Investment has been more fertile, at least on the surface. Chinese capital flows to Britain for its political stability and openness, with 12.2 billion euros invested between 2000 and 2014 according to Rhodium Group - twice as much as France received. Often, though, the beneficiaries are narrowly arrayed. Sales of stakes in companies like Thames Water to China Investment Corporation – or the headquarters of Breakingviews parent Thomson Reuters to a unit of Hainan Airlines this summer – represent secondary transactions rather than new investments. Much is sunk into real estate, and around three-quarters of that goes straight to London, according to property data company Real Capital Analytics.

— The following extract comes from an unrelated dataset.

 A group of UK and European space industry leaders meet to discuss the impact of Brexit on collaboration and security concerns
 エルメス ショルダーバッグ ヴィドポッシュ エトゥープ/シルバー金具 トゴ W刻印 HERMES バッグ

There is much to be positive about where Britain-China ties are concerned. But Cameron and Osborne could take the advice that the West repeatedly doles out to China: focus less on investment and exports, and more on consumption. Chinese tourism is one of the great wins of a more open People’s Republic. Between 2008 and 2014, the number of Chinese visits to the United Kingdom increased by 72 percent – and the amount that visitors spent on each trip more than doubled. Purchases of consumer brands like department store House of Fraser, restaurant chain Pizza Express and a long-rumoured swoop on 255-year-old toy store Hamleys, reflect that not just corporate buyers but Chinese customers are flush with spending power.
So how can Osborne and Cameron encourage this? They can start by keeping quiet, and getting out of the way. Relaxations on visa applications have been a positive development. Touting Britain’s commitment to openness with discernment, and dialogue with free expression, would burnish the qualities that Chinese investors and visitors admire. The most important thing the politicians can do is stop making promises that are unlikely to be delivered. Many remember the contempt provoked when Lord Macartney refused to kowtow to the Qianlong emperor in 1793. Less often recalled is that Dutch visitors who dutifully bowed and scraped a couple of years later were treated just as much like swine.